Cystic fibrosis (CF) is a disease caused by mutations in the gene coding for the cystic fibrosis transmembrane conductance regulator (CFTR), a chloride channel. Mutations are classified into six classes with phenotypes from no CFTR protein synthesis to misfolding and/or functional defects.
Over the past seven years the FDA approved several novel small molecules that partially correct defects of different mutation classes of CFTR. This has triggered broad efforts to find better and/or different small molecule modulators that address even more CF disease-causing mutations. Here we present screening assays for two classes of CFTR variants: (1) F508del (causing protein misfolding and severely impaired cellular trafficking) and (2) premature termination codon (PTC) mutations, resulting in stop codons in the open reading frame of CFTR and no functional expression. Assays need to address the primary defects of these specific mutation types. A differential screening approach allows the discovery of class-specific hit molecules.
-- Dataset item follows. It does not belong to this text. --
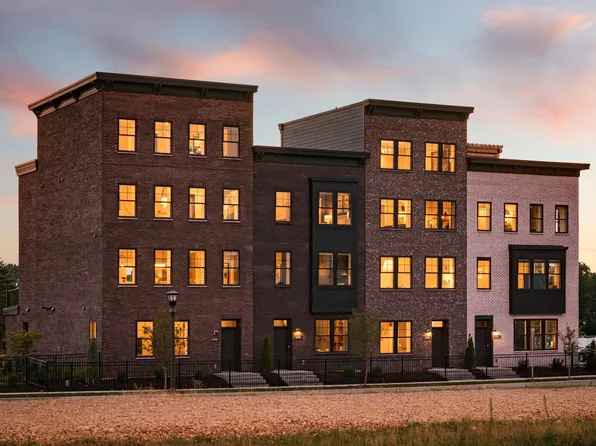 905 Falls Psge W #I, Saint Paul, MN 55116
CFTR F508del leads to (1) misfolding of the nucleotide-binding domain 1 (NBD1) of CFTR and (2) perturbs normal interdomain interaction in the CFTR protein. An efficient therapy needs to address both protein folding defects for CFTR for rescue of CFTR functional expression. Suppressing one defect may allow identification of modulators of the 2nd defect. Thus, using specific suppressor mutations (R555K to restore NBD1 folding or R1070W to rescue domain-domain interactions, allelic screens were developed to enrich for small molecules that preferentially modulate interdomain interactions or NBD1 folding, respectively. The phenotypic screen relies on mammalian cells expressing CFTR F508del with the suppressor mutations and a reporter gene fused into an extracellular loop of CFTR. Hits from the two assays were further tested for complementary effects on trafficking rescue of CFTR F508del.
A different class of CFTR mutations are PTC variants (about 170 reported) that cannot be treated with available medicines. During CFTR protein synthesis, interaction of the ribosome with the PTC (UAA, UAG, or UGA) terminates protein translation. Furthermore, when the ribosome stalls at a PTC, translation-coupled RNA surveillance triggers the nonsense-mediated mRNA decay (NMD) pathway, resulting in a reduction of CFTR mRNA levels. Therefore, an effective therapy for CFTR PTC variants needs to address both premature translation termination and reduced CFTR mRNA. Cell-based assays to assess translational readthrough of PTCs have been developed based on either a reporter or the native CFTR gene. RT-qPCR of CFTR mRNA is utilized to monitor anti-NMD effects. Our data support the concept that combining readthrough modulators and NMD inhibitors may lead to more effective therapy.
The CF phenotypes for the above two classes of CFTR mutations derive from defects in different stages of CFTR biogenesis. Specific types of mutations require different screens for the identification of mutation class-specific disease modulators.